One of the signatories to the Fyzabad Declaration, the Movement for Social Justice (MSJ), says the accord which gave birth to the People’s Partnership no longer exists.
MSJ leader David Abdulah made the comment yesterday in noting that the United National Congress’ commemoration of the declaration, which was signed at a meeting held at the Butler Hall of Revolution, on April 21, 2010, was a total farce as the principles governing the accord had long been violated.
“There can be no commemoration of the Fyzabad Declaration. The UNC destroyed it and the partnership. The People’s Partnership no longer exists,” Abdulah said.
In marking the anniversary of the accord during its Monday Night Forum in Fyzabad, all the leaders of the existing parties still in the coalition, the Congress of the People (COP), Tobago Organisation of the People (TOP) and the National Joint Action Congress (NJAC) cut a cake with Prime Minister Kamla Persad-Bissessar.
But noting the failure of the UNC to hold true to the principles of the accord, Abdulah said Winston Dookeran, who signed it on behalf of the COP, “has all but disappeared into the political woodwork. Errol McLeod (who signed on behalf of the MSJ back then) represents neither the MSJ nor labour, Ashworth Jack no longer can speak for Tobagonians and Makandal Daaga is off the political scene.”
All of the signatories, with the exception of Dookeran, were present at the MNF.
“Kamla Persad-Bissessar alone remains and that is why we state categorically that the People’s Partnership no longer exists.”

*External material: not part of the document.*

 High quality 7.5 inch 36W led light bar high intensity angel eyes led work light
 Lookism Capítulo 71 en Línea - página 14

Abdulah, who was given a senatorial position in the PP government, left the coalition in June 2012 after saying the UNC had turned its back on the values and principles of the accord.
Yesterday, he said the principle of building a diverse and democratic society free from all forms of discrimination has been violated, as discrimination abounds, while a mockery has been made of the principle against corruption and the politicisation of the civil service, commissions or state enterprises.

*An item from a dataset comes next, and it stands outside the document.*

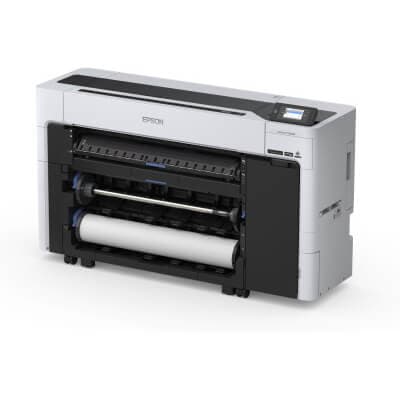 EPSON - SureColor SC-T5700DM Double roll Multi-functional PS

He said one of the fundamental undertakings of a review of the legislation for the registration and funding of political parties by an independent body has also long been forgotten, as financiers have benefitted from government contracts.
“The promise of April 21, 2010 has been dealt a death blow by the worst abuses of office ever seen. The hopes of the people for creating new participatory governance so that ‘everyone counts and everyone is needed’ have been destroyed on the altar of UNC dominance, the entrenchment of their power in the institutions of state and the stench of corruption and nepotism.”